One of the strangest episodes in the turbulent history of the Church in the ninth century was a meeting and ecclesiastical trial has come to be known as the Cadaver Synod. During a period of great political upheaval in Italy, from the year 872 – 965 there were 24 Popes. With so much chaos and such frequent shifting of power structures, very few documentary sources about that time survive. But here’s what we do know:

In 864, Formosus  became the Bishop of Porto during the pontificate of Pope Nicholas the first. 11 years later, shortly after Charles the Bald’s imperial coronation, Formosus  fled Rome out of fear of Pope John VIII, for reasons unknown. Shortly thereafter, John VIII accused Formosus  of conspiring to usurp the papacy, and deserting his diocese in Porto.   When John VIII died in 882  Bishop Formosus  seemed to be out of the woods. In fact, he himself was elected pope in 891, and after a papacy embroiled in the politics of the Holy Roman empire, died in a 896.
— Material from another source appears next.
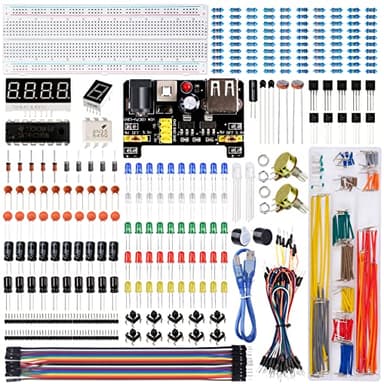 Miuzei Starter Kit Electrónico Compatible con Arduino Raspberry Pi,STM-32 Incluye Módulo de alimentación,Placa de Prototipos (Protoboard),Diodos LED,Kit componentes electronicos para Principiantes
One year later Pope Stephen VI ordered the body of his predecessor Pope Fomosus  exhumed and brought to the papal court for judgment. According to one account, Stephen VI asked  the previous pope’s remains, “when you were Bishop of Porto, why did you usurp the universal Roman See in such a spirit of ambition?”   He then ordered the body interred in a graveyard for foreigners, later to be dug up again and thrown into the Tiber River.   This macabre and vindictive spectacle turned public opinion against Stephen, and a public uprising led to his being deposed and thrown into prison, where he was murdered. One year later Pope Theodore IId annulled the decrees of the Cadaver Synod,  and prohibited any future trials of the dead person.

Today’s synod of Bishops are much more sober deliberative meetings, and we can give thanks that the church is no longer embroiled  in the tangled politics of empires.